How does weight add up to press on things? I think I understand how pressure works with gases. More molecules bouncing around -> more random impacts -> stronger force. 
But I realized to my embarrassment that I don't understand how solid things press on each other, on a molecular level. Say I put a block of iron on my head. If I put another one on top of it, I feel twice the weight. The two blocks together can tear through thin paper where one block can't. But the contact between my head (or paper) and the blocks is just a very thin layer of atoms of the lower block's structure. If the lower block doesn't move when I put the upper one on it, what causes this thin layer to "press" on my head (or paper) more? When the two blocks together tear through thin paper, where does the force come from that acts on the paper molecules - it can't be gravity from the upper block, right? And how come that whatever this source of pressure is only depends on the weight of the upper block, and not on what it's made out of, iron or wood?
 A: You have a chain of action and reaction. There is twice the weight on our head because the forces felt by the lower block are its weight, plus the action of the top block (minus the reaction force of your head).
Then how is it on a molecular scale? Well, just the same: if you imagine a crystalline solid with horizontal layers, one layer feels the action of those over it plus its own weight, and this sum needs to be balanced by the layer below. Molecularly, the force between layers is transmitted by the short range repulsion forces (a bit like a very tough spring that would be between your head [lower layer] and the block [upper layer]).
A: You're mixing up different things.
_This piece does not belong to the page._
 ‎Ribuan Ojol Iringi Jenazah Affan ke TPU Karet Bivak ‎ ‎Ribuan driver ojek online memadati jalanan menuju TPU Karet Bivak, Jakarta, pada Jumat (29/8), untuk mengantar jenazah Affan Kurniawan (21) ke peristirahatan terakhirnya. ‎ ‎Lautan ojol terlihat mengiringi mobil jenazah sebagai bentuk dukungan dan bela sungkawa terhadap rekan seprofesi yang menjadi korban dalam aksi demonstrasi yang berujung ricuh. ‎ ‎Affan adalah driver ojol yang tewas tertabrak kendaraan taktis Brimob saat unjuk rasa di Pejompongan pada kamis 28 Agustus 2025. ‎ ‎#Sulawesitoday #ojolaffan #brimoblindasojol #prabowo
Two blocks of iron press your head more than one block because the Earth's gravity pulls two blocks stronger than one. This is why two blocks can tear through the paper where one can not. 
The molecular bit comes into consideration if you ask why the top block doesn't pass through the bottom one. This is because the electron clouds of the surface atoms on the top and bottom block repel each other, so the two blocks never really touch at the molecular level.